You return from an approved two-minute restroom break. Then the boss scolds you because your coworker told her you didn’t do a task — while you were in the bathroom.
You pass gas, and corporate knows about it before the smell hits the air. Oh, and that one coworker knows your scheduled start and end time — and whether you took a break — better than you do.
Welcome to the Twilight Zone. The list goes on and on, but you get the idea. Your boss employs coworkers who watch your every move. Here’s some helpful information about coworkers who watch your every move and smart ways to handle it if you want them to stop.
Why Are There Coworkers Who Watch Your Every Move?
stalking monitoring happens to many innocent workers, and the reasons behind it vary. Some of them make sense, and some are outright malicious. These are common explanations for why you work with coworkers who watch your every move:
Your Employer Doesn’t Trust You
Sadly, some employers hire people they don’t trust and then recruit informants to track and report their every move. The more sensible approach is to pass on “suspicious” candidates and not hire them, but that isn’t much fun. This way, they can harass the workers until they quit and then call them scumbags for leaving.
Some Workers Get Ahead by “Snitching”
Every workplace has kiss-ups, and those individuals will step on anyone’s toes to get ahead. If it means they have to discredit their coworkers, tell on them, or make them look bad in the manager’s eyes—so be it.
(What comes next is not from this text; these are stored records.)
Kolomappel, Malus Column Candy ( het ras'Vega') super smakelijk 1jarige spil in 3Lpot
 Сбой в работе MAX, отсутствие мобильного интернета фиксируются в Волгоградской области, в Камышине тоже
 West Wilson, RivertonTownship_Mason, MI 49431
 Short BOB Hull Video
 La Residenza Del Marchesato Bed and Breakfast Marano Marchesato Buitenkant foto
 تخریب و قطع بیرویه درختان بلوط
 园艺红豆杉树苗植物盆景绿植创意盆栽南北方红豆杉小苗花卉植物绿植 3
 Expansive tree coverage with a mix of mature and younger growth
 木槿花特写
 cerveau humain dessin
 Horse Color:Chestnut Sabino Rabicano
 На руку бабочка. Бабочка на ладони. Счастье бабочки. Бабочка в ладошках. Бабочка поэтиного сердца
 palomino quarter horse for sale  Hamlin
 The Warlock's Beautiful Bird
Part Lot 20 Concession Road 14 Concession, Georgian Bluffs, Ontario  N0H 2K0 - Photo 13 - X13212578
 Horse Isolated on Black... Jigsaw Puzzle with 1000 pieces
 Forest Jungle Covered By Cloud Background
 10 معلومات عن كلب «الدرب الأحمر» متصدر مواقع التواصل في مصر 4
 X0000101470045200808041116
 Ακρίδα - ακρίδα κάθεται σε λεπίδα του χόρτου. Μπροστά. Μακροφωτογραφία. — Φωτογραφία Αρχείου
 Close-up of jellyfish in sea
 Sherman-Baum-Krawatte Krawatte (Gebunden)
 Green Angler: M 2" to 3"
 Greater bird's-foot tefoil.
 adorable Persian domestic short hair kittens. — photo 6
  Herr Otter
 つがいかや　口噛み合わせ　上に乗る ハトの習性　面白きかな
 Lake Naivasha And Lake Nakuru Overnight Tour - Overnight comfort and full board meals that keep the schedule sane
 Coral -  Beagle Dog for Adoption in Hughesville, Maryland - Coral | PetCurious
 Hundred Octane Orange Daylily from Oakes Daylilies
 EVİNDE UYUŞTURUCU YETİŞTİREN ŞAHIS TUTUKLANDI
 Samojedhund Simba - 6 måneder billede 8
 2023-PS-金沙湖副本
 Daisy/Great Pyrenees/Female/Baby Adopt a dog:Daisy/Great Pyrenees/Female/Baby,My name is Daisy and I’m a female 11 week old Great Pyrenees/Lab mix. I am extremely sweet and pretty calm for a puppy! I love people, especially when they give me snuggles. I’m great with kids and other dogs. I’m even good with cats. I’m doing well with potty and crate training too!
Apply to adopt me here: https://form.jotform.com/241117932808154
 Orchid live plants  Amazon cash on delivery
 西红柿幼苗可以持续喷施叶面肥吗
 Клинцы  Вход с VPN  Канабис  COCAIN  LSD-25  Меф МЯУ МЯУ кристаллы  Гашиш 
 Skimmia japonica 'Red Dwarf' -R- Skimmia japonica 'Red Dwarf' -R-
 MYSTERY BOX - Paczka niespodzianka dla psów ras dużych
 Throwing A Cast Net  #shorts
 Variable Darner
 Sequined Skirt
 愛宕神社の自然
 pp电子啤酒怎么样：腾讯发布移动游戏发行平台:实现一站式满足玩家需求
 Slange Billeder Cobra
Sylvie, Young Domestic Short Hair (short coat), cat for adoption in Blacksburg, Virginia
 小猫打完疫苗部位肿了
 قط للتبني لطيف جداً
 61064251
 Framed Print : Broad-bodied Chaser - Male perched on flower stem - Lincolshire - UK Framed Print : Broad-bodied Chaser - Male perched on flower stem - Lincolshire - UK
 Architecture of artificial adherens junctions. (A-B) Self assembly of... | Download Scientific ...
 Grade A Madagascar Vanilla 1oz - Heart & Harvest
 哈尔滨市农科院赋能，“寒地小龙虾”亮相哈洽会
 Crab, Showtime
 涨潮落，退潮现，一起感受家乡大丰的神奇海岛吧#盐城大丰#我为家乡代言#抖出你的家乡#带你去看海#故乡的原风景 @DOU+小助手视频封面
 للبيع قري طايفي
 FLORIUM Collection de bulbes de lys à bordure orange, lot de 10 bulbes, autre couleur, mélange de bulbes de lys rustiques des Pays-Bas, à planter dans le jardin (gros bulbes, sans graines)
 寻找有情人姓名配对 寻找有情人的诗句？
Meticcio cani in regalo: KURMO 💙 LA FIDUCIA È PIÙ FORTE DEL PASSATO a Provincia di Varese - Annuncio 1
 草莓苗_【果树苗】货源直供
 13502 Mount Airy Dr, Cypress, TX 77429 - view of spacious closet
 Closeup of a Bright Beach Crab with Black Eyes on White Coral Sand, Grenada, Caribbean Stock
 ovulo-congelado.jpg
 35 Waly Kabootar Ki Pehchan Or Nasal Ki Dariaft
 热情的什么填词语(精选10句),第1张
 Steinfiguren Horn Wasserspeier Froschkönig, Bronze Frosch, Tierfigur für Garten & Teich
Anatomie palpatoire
Your Coworkers Might Be Insecure
You may be in an environment where one or several of your coworkers or managers are insecure. Maybe someone views you as a threat and attacks you to get rid of you.
The Entire Clique Is Petty
Varied personalities operate inside workplaces, and maybe you’re dealing with a bad batch. There might be little rhyme or reason to what they do, and they could simply be unkind people.
How Common Is This Behavior in Workplaces?
Micromanagement occurs in many workplaces and has lived inside businesses for many years. A 2014 study by Accountempts revealed that 55 percent of employees worked for micromanagers. Sixty-eight percent suffered massive morale losses.
A Trinity Solutions study showed a 24 percent increase in micromanagement cases. Eighty-five percent of those workers said their experiences damaged their self-esteem.
Workplace mobbing is another negative dynamic that weaves itself into many workplaces. Psych Central reported that 66.7 percent of workplaces have at least one bully on-site, and those leaders often recruit others to mob workers. Thus, the “close eye” game is nothing more than an extension of bullying.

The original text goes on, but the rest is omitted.